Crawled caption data
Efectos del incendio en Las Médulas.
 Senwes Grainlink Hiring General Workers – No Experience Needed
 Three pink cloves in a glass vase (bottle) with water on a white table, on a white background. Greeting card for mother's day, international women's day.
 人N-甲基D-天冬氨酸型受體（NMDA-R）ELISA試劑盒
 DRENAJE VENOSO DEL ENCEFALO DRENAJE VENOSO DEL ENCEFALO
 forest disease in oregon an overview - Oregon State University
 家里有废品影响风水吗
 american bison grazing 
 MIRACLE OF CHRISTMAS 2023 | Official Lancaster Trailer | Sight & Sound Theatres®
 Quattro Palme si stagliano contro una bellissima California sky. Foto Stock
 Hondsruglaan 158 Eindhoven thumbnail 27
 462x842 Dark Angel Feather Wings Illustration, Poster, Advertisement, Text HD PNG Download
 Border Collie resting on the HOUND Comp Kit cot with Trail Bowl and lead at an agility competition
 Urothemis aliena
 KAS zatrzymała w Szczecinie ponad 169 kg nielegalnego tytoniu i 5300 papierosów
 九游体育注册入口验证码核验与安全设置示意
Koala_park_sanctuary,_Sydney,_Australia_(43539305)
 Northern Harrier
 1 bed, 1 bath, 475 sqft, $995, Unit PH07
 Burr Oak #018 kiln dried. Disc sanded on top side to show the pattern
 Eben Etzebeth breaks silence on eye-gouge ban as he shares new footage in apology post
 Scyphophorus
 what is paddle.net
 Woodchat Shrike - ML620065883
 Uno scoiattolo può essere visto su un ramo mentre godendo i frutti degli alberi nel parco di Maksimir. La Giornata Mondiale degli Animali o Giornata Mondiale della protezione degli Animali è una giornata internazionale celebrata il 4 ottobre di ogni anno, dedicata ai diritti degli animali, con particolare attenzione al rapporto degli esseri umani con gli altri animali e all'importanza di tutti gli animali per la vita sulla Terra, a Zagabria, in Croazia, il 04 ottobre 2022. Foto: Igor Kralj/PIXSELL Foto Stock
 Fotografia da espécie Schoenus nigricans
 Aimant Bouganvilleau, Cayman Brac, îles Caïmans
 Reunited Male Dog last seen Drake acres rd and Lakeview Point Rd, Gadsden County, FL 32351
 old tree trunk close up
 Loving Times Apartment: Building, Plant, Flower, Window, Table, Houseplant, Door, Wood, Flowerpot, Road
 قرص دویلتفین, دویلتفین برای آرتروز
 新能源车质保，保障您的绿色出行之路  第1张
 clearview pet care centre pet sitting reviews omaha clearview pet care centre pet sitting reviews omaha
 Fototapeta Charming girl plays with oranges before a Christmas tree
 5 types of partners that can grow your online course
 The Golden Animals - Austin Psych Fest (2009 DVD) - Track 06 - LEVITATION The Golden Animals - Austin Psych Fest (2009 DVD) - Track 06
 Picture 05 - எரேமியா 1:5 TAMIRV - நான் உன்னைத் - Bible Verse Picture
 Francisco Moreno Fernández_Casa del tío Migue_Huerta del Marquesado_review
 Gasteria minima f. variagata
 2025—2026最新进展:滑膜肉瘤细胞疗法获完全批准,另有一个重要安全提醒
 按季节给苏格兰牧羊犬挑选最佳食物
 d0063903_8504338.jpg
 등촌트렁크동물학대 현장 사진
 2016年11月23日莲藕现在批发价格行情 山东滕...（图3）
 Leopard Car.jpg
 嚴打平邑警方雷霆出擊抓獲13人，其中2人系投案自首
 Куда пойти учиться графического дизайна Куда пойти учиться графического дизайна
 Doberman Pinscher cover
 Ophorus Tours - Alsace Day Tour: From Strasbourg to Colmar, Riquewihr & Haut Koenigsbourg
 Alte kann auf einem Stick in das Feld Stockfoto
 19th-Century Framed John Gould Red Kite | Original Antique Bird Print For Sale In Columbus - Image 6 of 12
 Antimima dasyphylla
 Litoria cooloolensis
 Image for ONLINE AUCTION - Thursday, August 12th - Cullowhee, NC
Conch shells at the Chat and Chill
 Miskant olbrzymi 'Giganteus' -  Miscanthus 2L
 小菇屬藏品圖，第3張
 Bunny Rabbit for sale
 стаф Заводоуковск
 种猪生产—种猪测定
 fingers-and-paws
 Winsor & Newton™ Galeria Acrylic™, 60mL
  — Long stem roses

> [ABOUT THIS EXERCISE]
Keep only those lines of the records that hold "with", and return them.

> [TASK ANSWER]
 Three pink cloves in a glass vase (bottle) with water on a white table, on a white background. Greeting card for mother's day, international women's day.
 Border Collie resting on the HOUND Comp Kit cot with Trail Bowl and lead at an agility competition
 Fototapeta Charming girl plays with oranges before a Christmas tree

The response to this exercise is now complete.